=== Begin Enclosure ===

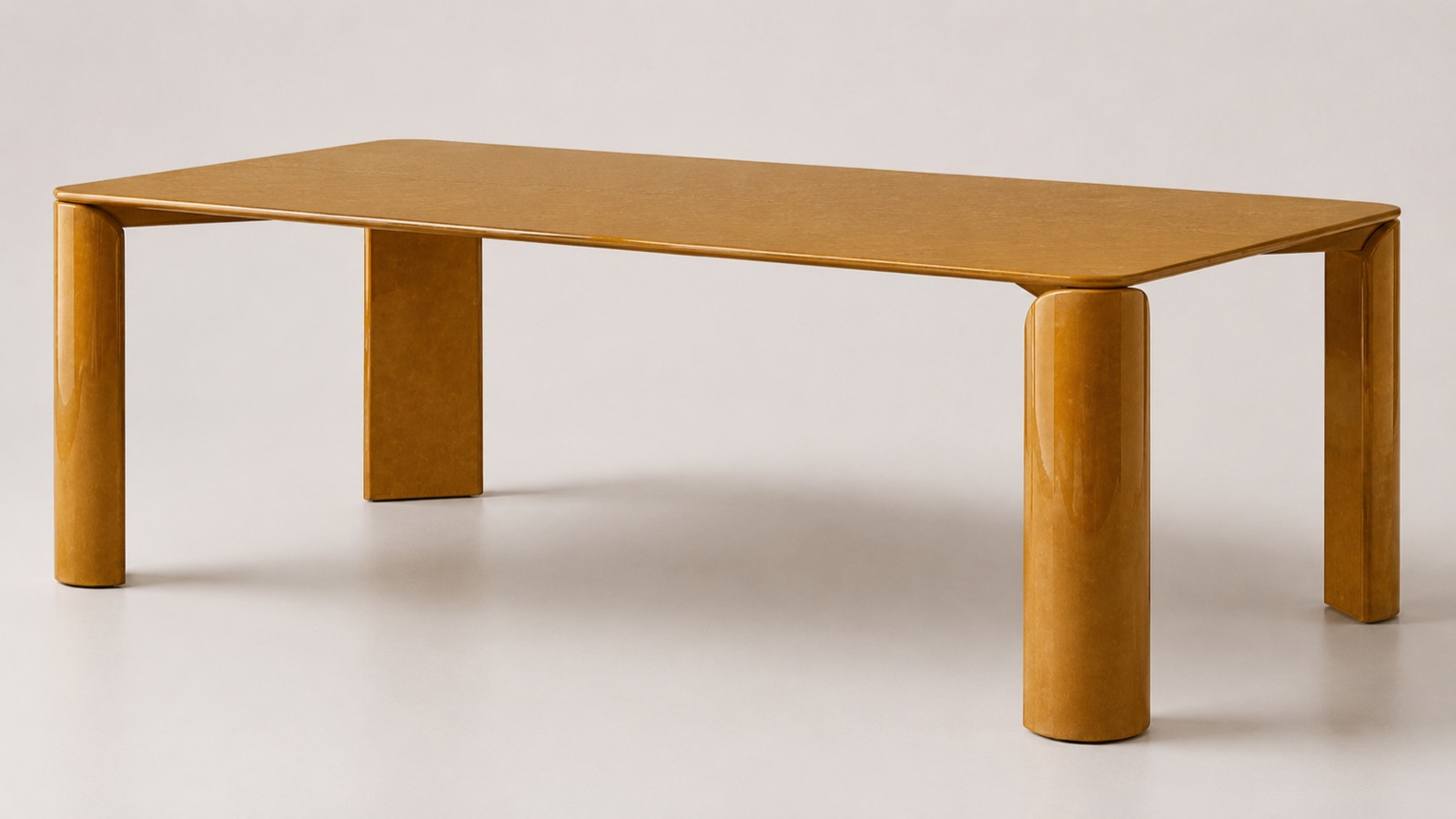 Monolite dining table in ochre lacquer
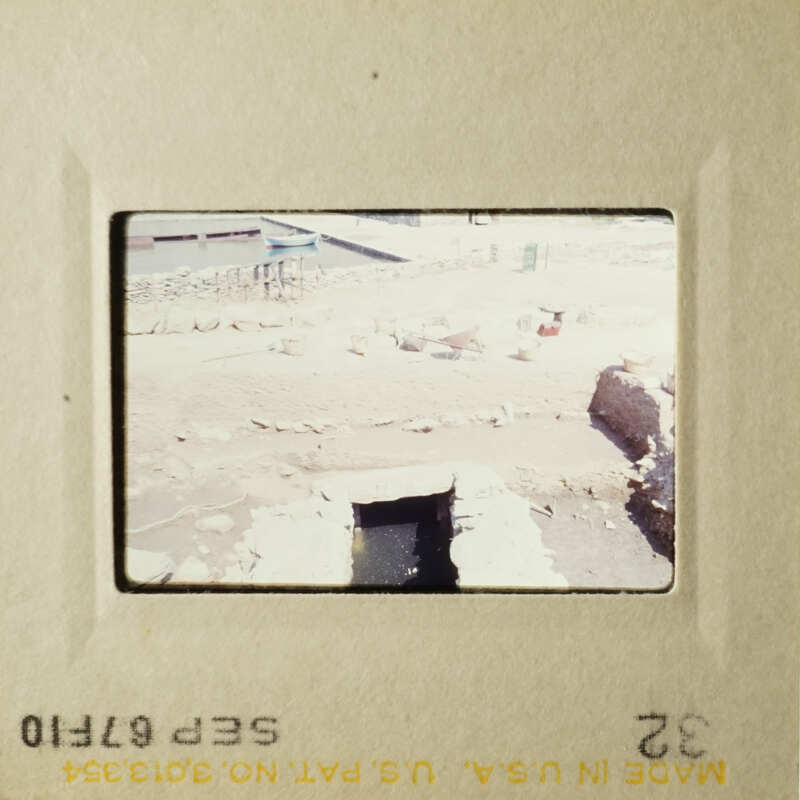 Archaeological trench with framed opening in floor and some rocks or rubble.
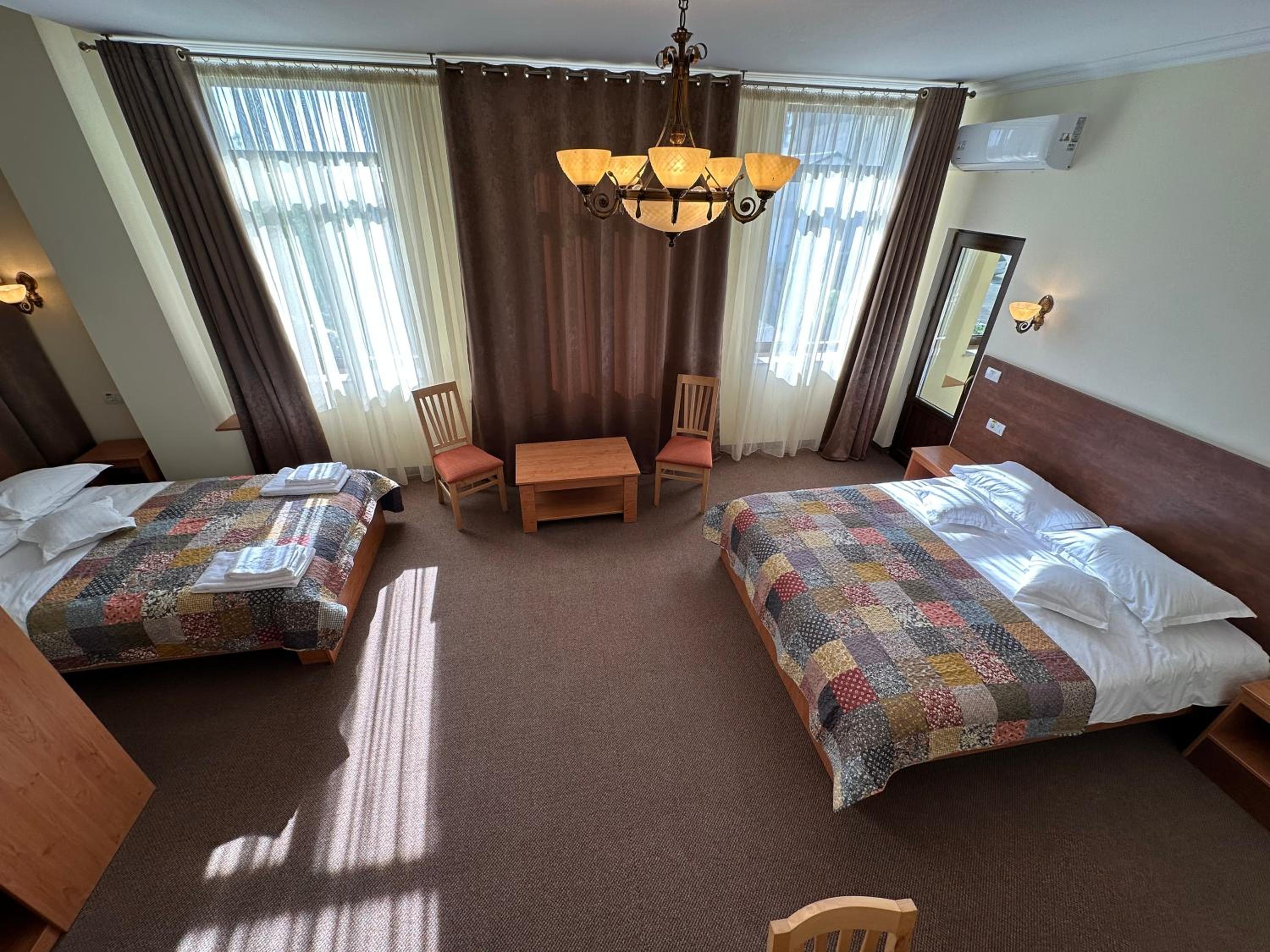 Deluxe Family Suite - Photo 2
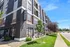 Modern apartment exterior with striking architectural design, lush green landscaping, and vibrant urban setting.
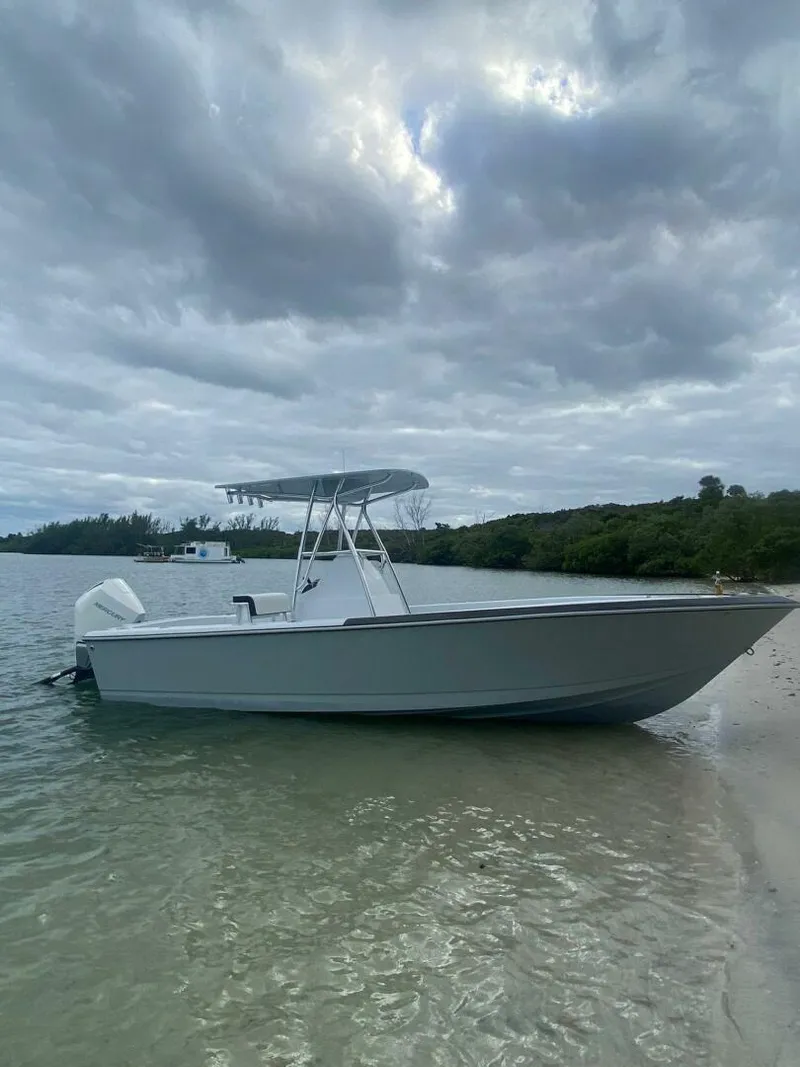 Slide: The Image of 1988 Intrepid 24 boat on a sandy shore under cloudy skies. - 8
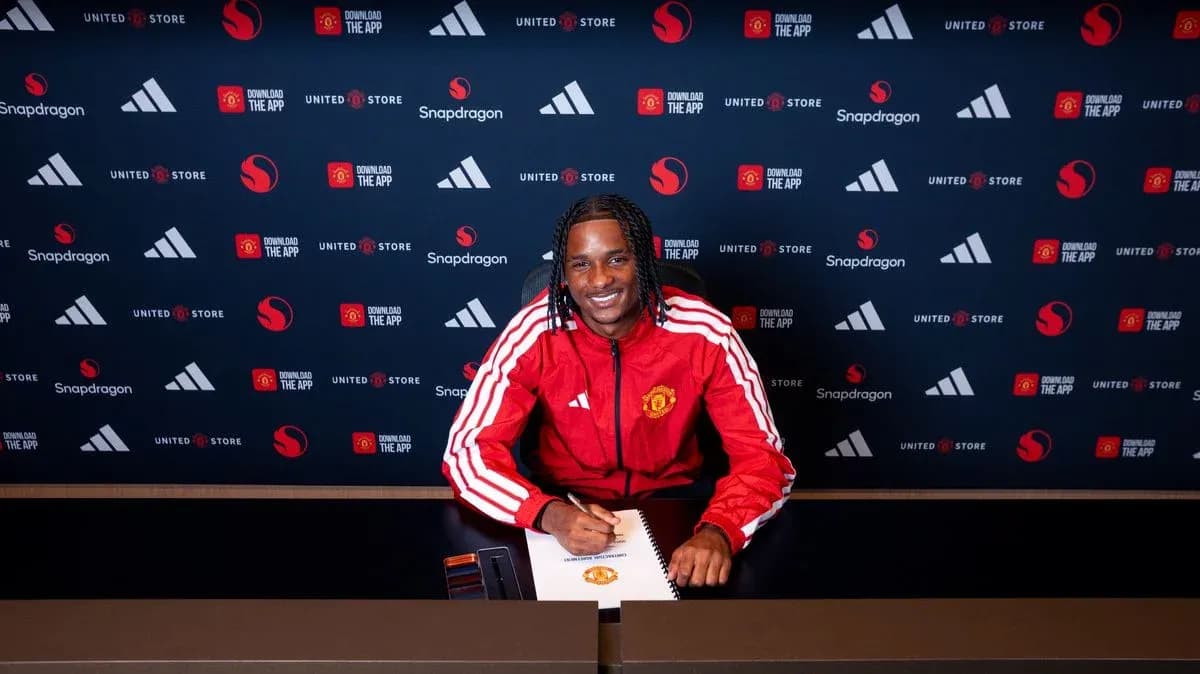 Player signing contract at Manchester United press conference Player signing contract at Manchester United press conference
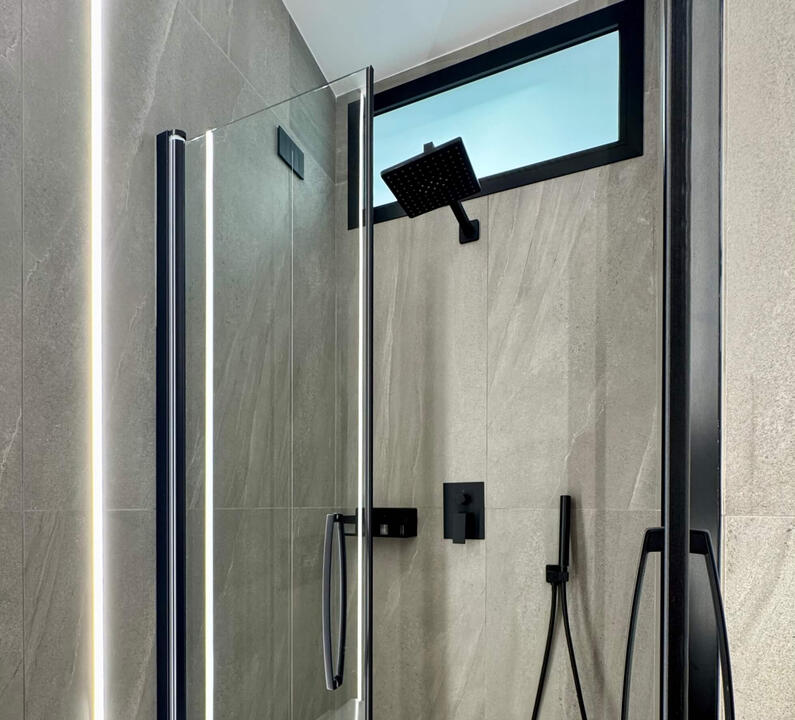 Modern bathroom featuring a sleek walk-in shower and elegant, clean design.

=== End Enclosure ===

* YOUR INSTRUCTIONS
Take the entries shown above and quote them verbatim, passing over the pictures.

* EXPECTED ANSWER
 Monolite dining table in ochre lacquer
 Archaeological trench with framed opening in floor and some rocks or rubble.
 Deluxe Family Suite - Photo 2
 Modern apartment exterior with striking architectural design, lush green landscaping, and vibrant urban setting.
 Slide: The Image of 1988 Intrepid 24 boat on a sandy shore under cloudy skies. - 8
 Player signing contract at Manchester United press conference Player signing contract at Manchester United press conference
 Modern bathroom featuring a sleek walk-in shower and elegant, clean design.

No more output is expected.